While the UK and certainly Churchill was associated with the English Bulldog, the Americans in WWI and WWII used the Pit Bull as their mascot.
The Pit Bull is the result of crossbreeding an English Bulldog with a terrier — making the Pit Bull’s frame sinewy but spry.
Often used in heartless and bloody spectacles during the early part of the 20th century, the Pit Bull was set against bears tied to posts or thrown into pits filled with rats (hence the name “Pit Bull.”) Such practices are part of the storied, infamous past of the Pit Bull, but thankfully, the modern day Pit Bull is fed with more lovingkindness than abject brutality.
A Pit Bull has appeared on the cover of Life magazine three times — more than any other breed.
Pit Bulls have been banned from England and Wales since 1991.
No other breed has been the subject of such politicized fervor. There are BSL’s (Breed specific legislation) that affect only Pit Bulls and offshoots of the breed, and several cities in America or parts of major cities ban Pit Bull ownership.

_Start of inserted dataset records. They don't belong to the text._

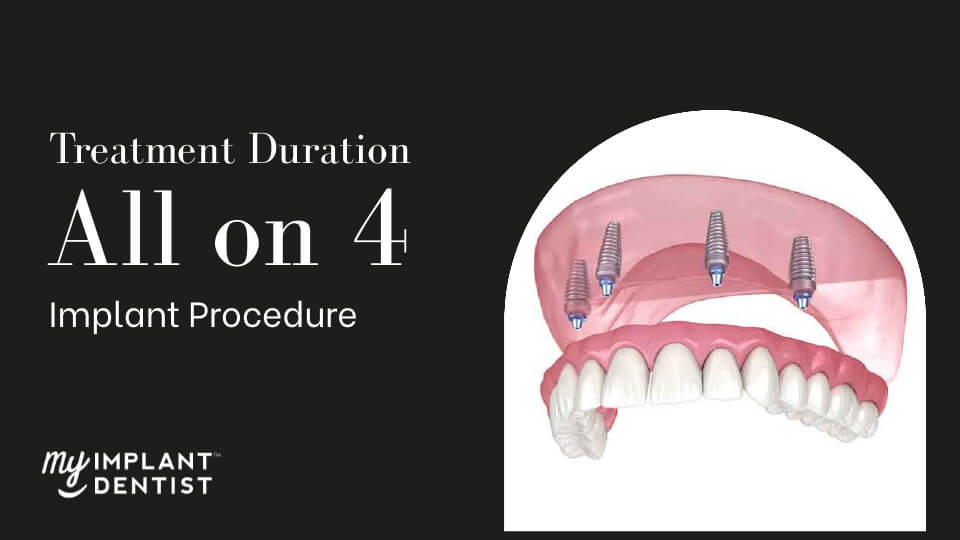How long does an All-on-4 Procedure take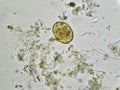 Egg of Ascaris lumbricoides roundworm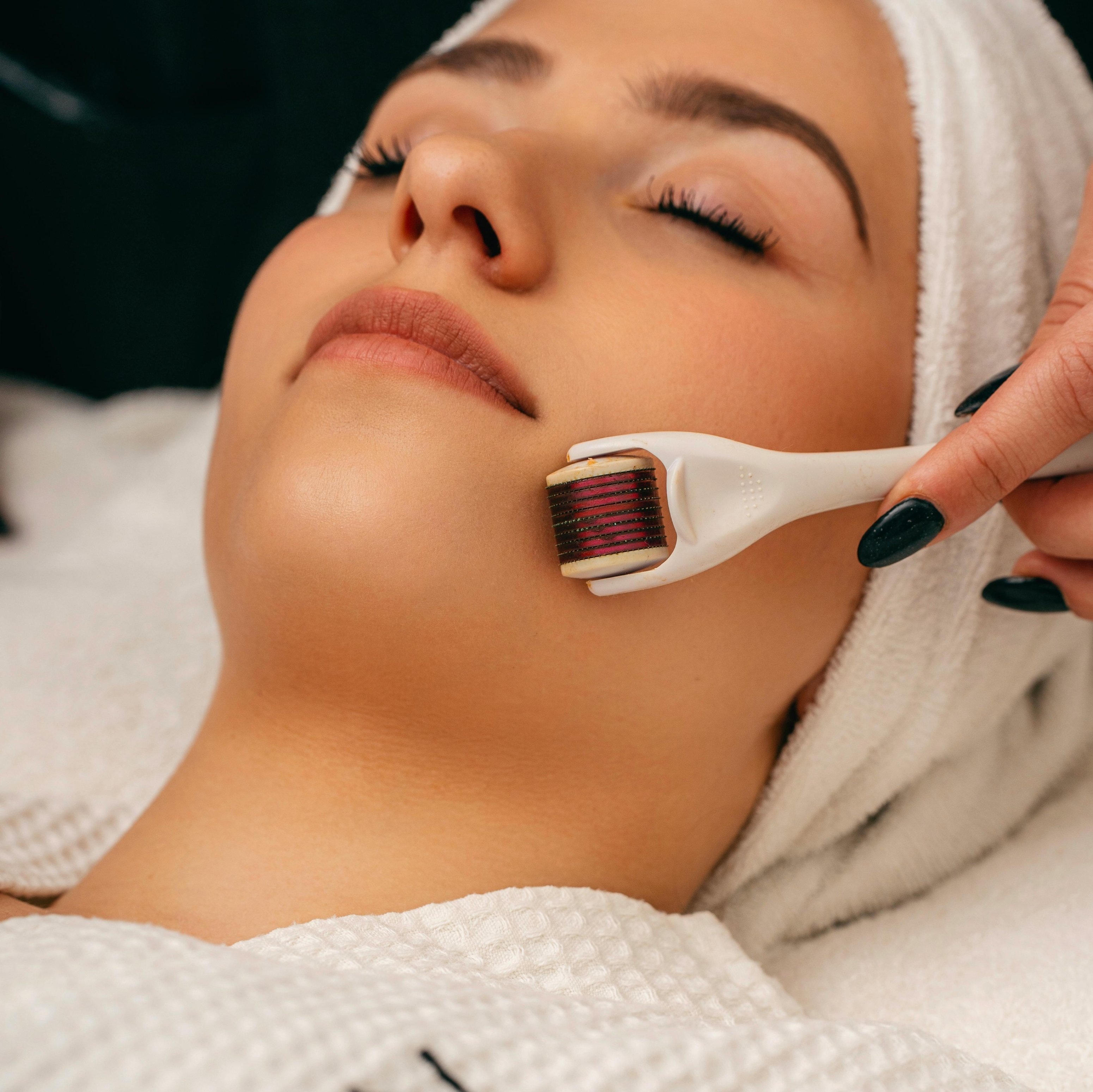 Frau mit Handtuch auf dem Kopf, die eine Dermaroller-Behandlung im Gesicht erhält, zur Verbesserung der Hauttextur und zur Bekämpfung von eingewachsenen Haaren.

When dogfighting resurfaced in America, the stigma of the Pit Bull as a terror-machine began to grow. Statistically, the Pit Bull is the most neglected breed of dog in the States. There are many terrible Pit Bull owners who tie their dog to a chain and don’t properly care for their dog; The want a dog that appears “tough” in their yards, and do nothing to elevate the reputation of a Pit Bull as a friendly companion.
Helen Keller had a companion Pit Bull named Stubby.
Petie was the name of the Pit Bull that starred in the classic TV series The Little Rascals.
Despite their reputation, a Pit Bull can be as docile as you or me.